Return the listing that follows exactly, with no pictures included.

### Stored data
----------
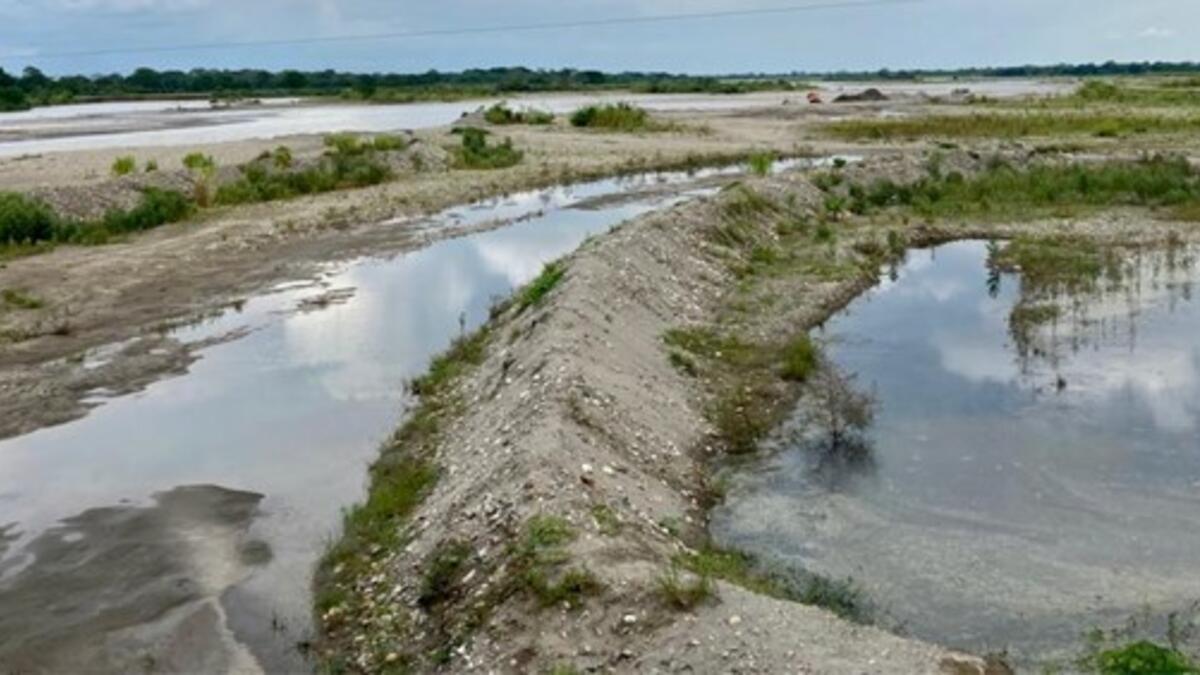 Kanal, der im Zuge der Ausbeutung von Schürfmaterial am rechten Ufer des Ariari-Flusses in der Gemeinde Granada angelegt wurde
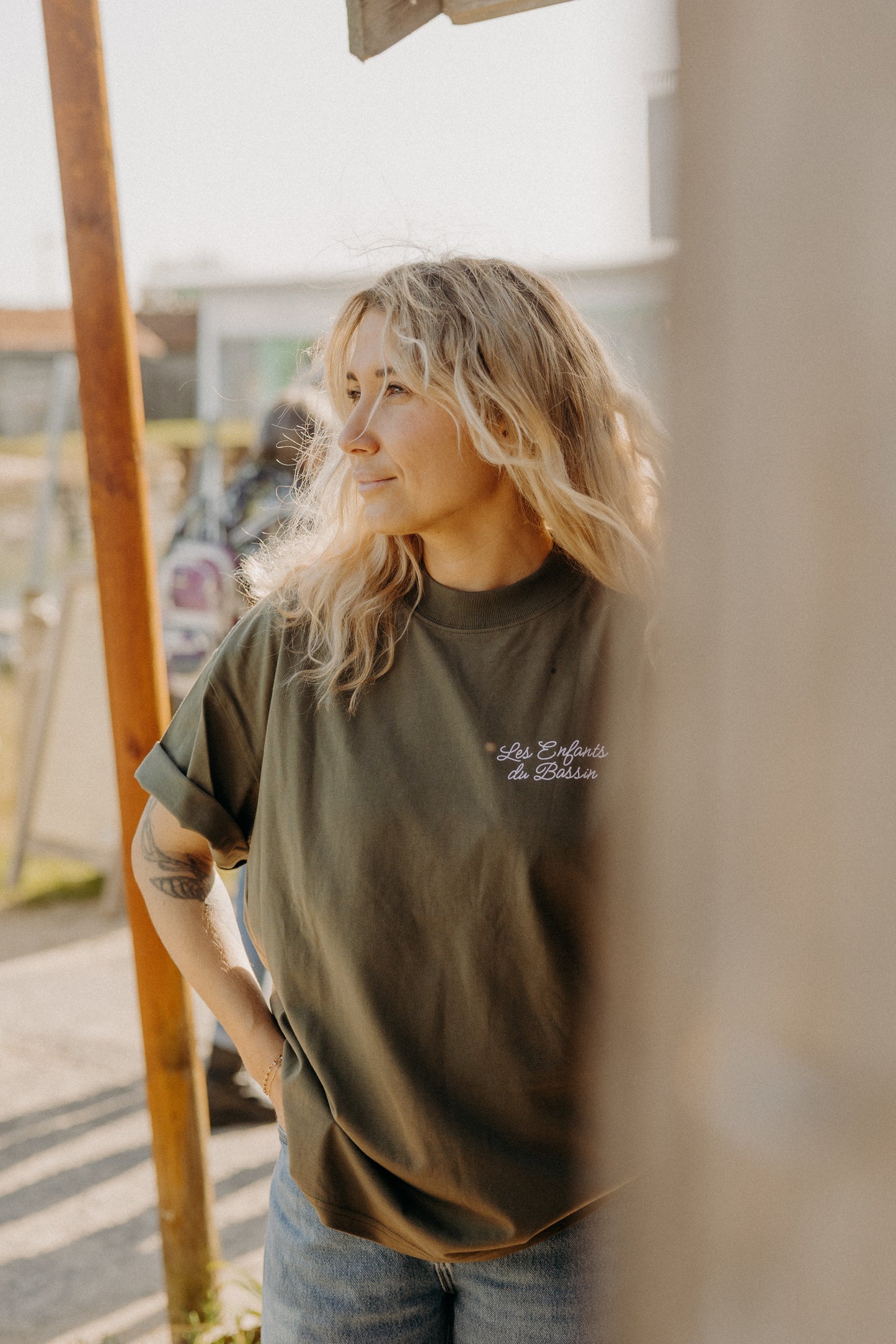 Le T-shirt "Dégustation" vert kaki-violet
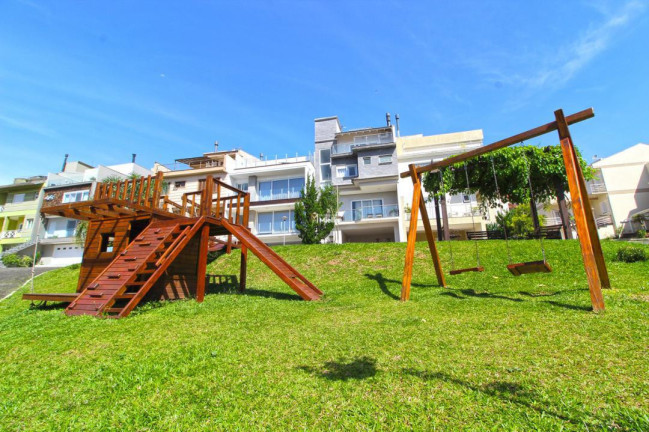 Imagem Casa com 3 Quartos à Venda, 240 m² em Vila Nova - Porto Alegre Imagem Casa com 3 Quartos à Venda, 240 m² em Vila Nova - Porto Alegre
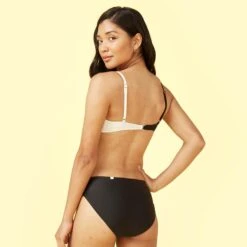 The Diagonal Mid Rise Bottom - Sea Urchin & White Sand -Summersalt Shop diagonal midrise bw back c720a22f 04b9 4921 9324 5335bebbe4a2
----------
### Reply to the task
 Kanal, der im Zuge der Ausbeutung von Schürfmaterial am rechten Ufer des Ariari-Flusses in der Gemeinde Granada angelegt wurde
 Le T-shirt "Dégustation" vert kaki-violet
 Imagem Casa com 3 Quartos à Venda, 240 m² em Vila Nova - Porto Alegre Imagem Casa com 3 Quartos à Venda, 240 m² em Vila Nova - Porto Alegre
 The Diagonal Mid Rise Bottom - Sea Urchin & White Sand -Summersalt Shop diagonal midrise bw back c720a22f 04b9 4921 9324 5335bebbe4a2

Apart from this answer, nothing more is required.